American Airlines Catalogs Plan for $1 Billion Increase in Revenues
A plan by American Airlines to increase annual revenues by $1 billion by 2017 centers largely on the ability to add large regional jets to fill a capacity gap between 50 and 140 seats more completely, according to an internal letter outlining the company’s post-bankruptcy business plan sent to all AA managers on May 7. All told, the airline has targeted an annual improvement in financial performance of $3 billion, two-thirds of which would come in the form of cost savings from restructuring debt and leases, grounding aging airplanes, improving supplier contracts, operating more efficiently and cutting employee-related costs.
Meanwhile, almost two-thirds of the $1 billion revenue increase would come from the airline’s ability to “right-gauge” its fleet, or place what it considers the right size aircraft in each market at the right time of day to maximize profitability. Such a plan would require a revision to the scope clause in the Allied Pilots Association’s labor contract, which now limits the capacity of Eagle RJs to 70 seats and the number of its Bombardier CRJ700s to 47 airplanes, while a more complicated pair of sections governs the size of its fleet of 21 Embraer ERJ 135s, 59 ERJ 140s and 118 ERJ 145s.
“We have very few jets between 50 and 140 seats, which limits our ability to raise unit revenues by matching supply with demand as our competitors do today,” said the letter.
“For example, in [Chicago], our competitor United flies mainline jets in the peak demand periods, and then fills in the gaps with larger RJs to better match demand. Since American has limited RJ ability, we often have to fly all mainline aircraft, which means we offer fewer flights per day, and we sometimes fly too many seats at times of day when there is not enough demand to fill them profitably .”
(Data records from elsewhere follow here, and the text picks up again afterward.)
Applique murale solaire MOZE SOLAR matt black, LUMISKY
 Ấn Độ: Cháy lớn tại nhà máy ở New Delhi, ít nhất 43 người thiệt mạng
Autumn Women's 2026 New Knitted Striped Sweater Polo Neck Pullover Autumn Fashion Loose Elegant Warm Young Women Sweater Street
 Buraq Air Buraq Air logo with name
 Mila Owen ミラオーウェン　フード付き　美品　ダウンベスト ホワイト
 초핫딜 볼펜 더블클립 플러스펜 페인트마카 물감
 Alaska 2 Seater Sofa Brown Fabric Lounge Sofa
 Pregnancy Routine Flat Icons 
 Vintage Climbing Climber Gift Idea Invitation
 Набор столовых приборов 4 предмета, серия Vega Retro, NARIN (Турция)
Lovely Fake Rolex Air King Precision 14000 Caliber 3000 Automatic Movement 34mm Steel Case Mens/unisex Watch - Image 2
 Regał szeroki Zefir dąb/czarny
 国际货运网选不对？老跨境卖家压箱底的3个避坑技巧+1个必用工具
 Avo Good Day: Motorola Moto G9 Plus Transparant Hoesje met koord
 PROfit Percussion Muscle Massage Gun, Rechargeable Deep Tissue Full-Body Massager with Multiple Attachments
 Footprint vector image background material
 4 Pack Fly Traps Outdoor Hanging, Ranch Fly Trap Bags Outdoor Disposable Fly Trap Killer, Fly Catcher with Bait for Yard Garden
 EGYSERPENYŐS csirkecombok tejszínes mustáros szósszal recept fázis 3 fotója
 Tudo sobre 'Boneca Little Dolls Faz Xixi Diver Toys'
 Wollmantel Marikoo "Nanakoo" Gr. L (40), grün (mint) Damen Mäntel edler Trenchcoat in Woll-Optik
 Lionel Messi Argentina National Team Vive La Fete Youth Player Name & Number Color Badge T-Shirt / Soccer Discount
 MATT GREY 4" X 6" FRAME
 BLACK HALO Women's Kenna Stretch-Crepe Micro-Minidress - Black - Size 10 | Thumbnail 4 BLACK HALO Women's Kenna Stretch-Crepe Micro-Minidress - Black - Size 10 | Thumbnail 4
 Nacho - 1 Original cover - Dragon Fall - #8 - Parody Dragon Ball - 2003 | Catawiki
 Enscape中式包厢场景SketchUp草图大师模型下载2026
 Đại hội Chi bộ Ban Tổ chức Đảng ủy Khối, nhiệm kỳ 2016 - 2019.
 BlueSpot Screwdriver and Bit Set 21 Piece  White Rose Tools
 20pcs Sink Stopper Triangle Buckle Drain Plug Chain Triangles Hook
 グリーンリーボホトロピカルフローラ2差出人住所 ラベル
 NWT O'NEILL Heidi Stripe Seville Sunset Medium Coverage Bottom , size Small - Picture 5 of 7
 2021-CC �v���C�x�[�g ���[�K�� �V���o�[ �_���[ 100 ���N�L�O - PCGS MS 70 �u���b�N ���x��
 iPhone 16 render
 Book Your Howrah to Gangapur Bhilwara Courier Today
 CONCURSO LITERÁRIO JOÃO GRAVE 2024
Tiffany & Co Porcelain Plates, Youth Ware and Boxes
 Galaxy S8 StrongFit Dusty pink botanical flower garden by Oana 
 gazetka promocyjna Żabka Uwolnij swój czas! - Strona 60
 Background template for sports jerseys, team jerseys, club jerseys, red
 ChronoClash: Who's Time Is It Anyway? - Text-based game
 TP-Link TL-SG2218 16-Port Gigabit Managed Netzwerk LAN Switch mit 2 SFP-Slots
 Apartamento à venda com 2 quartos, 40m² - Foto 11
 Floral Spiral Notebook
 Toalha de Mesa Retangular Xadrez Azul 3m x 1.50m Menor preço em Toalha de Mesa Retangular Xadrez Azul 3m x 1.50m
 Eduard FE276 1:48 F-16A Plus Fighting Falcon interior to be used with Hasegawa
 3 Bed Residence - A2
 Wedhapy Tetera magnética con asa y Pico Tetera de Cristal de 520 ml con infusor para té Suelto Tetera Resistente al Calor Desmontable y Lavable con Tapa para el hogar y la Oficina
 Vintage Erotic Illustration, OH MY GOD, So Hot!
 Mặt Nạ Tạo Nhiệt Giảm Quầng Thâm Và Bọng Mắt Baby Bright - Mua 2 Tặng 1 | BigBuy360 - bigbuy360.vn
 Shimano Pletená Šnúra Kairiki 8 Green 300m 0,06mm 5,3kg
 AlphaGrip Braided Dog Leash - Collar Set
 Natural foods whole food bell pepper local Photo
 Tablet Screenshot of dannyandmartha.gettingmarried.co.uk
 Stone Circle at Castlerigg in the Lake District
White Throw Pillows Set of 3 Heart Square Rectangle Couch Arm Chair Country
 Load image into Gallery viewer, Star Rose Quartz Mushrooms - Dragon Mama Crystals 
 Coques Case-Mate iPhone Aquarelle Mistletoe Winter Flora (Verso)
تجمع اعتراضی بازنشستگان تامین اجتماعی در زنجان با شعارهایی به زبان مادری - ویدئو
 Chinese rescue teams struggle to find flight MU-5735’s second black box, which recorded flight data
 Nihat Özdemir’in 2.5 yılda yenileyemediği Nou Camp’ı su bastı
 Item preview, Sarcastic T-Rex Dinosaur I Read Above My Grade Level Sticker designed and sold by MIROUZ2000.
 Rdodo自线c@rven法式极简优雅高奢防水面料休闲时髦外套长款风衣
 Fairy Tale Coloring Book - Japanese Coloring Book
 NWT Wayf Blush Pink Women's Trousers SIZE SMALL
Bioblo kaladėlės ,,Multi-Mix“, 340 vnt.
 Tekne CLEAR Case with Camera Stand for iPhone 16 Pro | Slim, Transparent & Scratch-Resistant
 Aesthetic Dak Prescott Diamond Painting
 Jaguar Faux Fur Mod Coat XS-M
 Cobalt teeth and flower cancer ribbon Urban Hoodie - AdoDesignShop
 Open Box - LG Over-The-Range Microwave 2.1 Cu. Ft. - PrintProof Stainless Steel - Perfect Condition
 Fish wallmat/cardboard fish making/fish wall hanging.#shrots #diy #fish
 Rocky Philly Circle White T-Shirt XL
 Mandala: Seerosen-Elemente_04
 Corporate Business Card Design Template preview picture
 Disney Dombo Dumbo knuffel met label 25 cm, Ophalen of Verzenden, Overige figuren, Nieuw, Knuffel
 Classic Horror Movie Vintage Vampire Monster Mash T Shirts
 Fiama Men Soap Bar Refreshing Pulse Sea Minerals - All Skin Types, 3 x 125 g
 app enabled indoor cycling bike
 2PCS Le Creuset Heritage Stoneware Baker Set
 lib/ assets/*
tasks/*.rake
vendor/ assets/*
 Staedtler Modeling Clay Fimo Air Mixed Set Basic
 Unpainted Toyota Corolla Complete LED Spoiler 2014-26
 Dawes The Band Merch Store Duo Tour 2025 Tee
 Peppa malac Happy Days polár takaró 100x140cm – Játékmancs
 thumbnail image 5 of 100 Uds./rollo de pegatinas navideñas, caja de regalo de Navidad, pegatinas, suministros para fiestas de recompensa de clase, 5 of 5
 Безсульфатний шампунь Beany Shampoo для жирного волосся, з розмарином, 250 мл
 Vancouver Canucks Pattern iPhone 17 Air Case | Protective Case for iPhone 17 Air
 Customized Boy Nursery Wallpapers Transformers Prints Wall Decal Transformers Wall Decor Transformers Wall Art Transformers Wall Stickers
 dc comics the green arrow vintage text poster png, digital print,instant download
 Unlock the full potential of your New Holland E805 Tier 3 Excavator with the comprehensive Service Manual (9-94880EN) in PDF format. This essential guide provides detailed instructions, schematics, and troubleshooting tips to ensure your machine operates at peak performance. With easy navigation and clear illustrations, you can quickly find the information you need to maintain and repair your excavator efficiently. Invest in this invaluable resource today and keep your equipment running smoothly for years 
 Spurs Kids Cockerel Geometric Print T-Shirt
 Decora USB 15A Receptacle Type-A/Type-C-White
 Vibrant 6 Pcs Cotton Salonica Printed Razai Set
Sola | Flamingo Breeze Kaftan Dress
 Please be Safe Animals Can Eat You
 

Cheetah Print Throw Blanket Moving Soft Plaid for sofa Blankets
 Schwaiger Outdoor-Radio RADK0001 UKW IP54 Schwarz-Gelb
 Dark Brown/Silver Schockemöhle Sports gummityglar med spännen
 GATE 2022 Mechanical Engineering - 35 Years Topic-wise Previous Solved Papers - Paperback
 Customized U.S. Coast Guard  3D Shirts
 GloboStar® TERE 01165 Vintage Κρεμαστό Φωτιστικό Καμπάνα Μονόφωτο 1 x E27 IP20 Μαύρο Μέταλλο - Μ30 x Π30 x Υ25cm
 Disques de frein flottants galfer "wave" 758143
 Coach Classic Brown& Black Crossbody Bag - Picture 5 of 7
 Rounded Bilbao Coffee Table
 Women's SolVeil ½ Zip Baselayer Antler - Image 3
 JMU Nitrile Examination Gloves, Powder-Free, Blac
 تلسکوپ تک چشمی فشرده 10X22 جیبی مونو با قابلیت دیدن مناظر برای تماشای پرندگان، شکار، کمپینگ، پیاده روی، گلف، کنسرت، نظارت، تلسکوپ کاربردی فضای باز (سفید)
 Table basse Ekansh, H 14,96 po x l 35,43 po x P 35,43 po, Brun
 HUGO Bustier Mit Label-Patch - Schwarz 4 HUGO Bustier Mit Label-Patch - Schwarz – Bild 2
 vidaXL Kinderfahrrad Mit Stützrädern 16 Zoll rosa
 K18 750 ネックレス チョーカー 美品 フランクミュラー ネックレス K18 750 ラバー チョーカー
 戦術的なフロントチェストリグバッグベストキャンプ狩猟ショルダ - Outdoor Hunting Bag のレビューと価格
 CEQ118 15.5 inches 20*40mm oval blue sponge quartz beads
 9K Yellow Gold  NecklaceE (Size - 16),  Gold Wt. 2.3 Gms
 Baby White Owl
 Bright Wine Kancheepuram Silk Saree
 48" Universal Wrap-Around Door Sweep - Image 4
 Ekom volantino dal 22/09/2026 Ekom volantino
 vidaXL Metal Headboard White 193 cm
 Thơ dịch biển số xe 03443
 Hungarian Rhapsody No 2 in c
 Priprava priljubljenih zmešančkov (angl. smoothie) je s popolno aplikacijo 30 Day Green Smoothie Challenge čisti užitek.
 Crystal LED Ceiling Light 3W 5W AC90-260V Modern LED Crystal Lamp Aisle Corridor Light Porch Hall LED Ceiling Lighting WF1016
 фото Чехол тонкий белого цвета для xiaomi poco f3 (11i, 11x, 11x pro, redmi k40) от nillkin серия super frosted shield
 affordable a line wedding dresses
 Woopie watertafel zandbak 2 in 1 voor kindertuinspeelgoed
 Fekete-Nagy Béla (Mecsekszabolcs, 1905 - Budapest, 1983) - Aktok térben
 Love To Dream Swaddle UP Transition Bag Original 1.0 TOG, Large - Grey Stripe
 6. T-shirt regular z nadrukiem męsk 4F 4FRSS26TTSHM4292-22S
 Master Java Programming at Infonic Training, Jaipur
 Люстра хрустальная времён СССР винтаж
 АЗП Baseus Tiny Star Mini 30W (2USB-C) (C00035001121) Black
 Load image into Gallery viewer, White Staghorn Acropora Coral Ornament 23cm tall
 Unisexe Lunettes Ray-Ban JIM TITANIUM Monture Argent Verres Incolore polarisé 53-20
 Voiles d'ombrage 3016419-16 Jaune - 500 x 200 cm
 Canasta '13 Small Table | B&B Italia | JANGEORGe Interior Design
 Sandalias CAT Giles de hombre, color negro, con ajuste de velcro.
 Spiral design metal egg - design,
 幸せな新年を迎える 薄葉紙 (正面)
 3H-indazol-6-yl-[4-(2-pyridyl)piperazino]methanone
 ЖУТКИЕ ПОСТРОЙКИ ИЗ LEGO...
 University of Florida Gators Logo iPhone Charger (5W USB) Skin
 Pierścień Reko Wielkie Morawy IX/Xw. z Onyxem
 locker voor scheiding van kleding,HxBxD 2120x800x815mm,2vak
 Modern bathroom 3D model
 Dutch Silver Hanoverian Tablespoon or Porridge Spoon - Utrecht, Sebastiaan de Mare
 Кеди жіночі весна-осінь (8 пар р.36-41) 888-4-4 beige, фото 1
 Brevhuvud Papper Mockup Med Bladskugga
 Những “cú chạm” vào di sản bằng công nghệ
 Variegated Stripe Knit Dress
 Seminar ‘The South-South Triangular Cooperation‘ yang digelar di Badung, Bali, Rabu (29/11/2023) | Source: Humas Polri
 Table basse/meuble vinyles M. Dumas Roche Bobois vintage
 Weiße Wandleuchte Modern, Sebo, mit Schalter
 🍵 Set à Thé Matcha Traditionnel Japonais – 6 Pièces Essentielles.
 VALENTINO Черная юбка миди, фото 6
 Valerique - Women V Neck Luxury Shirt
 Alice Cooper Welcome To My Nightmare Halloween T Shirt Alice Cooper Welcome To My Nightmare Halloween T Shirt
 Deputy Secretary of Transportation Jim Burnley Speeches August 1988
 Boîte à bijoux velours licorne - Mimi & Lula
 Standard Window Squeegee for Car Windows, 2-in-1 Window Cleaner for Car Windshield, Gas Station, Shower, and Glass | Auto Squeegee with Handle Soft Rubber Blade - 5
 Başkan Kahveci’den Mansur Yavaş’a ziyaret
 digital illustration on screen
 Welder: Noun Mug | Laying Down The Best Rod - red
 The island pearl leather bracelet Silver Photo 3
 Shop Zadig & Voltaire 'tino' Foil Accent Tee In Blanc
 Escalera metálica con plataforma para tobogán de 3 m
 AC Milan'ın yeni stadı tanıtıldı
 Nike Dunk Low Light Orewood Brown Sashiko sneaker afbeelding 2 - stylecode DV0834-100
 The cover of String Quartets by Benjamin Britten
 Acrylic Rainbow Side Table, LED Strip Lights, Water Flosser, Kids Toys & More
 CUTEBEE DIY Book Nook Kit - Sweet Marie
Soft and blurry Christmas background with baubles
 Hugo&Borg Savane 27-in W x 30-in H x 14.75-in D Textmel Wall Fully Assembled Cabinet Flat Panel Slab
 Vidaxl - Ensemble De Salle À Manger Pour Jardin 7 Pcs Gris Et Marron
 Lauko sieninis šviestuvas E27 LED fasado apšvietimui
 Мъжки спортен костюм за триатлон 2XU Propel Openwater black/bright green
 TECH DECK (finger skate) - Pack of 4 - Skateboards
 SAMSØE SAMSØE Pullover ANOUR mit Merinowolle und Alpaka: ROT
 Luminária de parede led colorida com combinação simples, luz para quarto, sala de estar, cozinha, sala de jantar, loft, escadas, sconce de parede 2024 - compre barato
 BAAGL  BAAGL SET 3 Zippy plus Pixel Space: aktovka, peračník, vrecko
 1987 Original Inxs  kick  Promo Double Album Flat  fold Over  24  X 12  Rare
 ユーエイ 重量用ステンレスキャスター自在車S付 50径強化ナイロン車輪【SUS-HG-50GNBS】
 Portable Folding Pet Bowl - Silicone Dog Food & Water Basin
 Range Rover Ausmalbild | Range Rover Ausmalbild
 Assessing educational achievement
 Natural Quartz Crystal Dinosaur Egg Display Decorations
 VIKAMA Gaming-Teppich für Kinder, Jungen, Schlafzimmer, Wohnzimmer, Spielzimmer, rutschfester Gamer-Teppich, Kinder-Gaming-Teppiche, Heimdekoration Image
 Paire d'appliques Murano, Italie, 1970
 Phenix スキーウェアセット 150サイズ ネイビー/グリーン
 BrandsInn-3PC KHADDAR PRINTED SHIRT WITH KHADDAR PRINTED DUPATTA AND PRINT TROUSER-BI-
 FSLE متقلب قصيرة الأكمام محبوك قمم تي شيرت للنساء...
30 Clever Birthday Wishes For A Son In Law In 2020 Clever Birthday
American said it would also realize “a large portion” of the revenue gains from new domestic code-sharing deals, which, under its current contract, it cannot now enter.
“There are cities we simply cannot effectively service because of airport constraints, or because we cannot operate the route profitably on our own,” said American. “[New York] JFK is a good example: The airport is slot-constrained, but with certain codeshares we can increase our presence in New York City and feed customers on our domestic and international flights out of JFK.”
The letter also outlined a plan to increase the airline’s international service, from 38 percent of all its flying to 44 percent by 2017, by which time it expects to “leverage” its widebody order book of up to 100 Boeing 787s and sixteen 777s.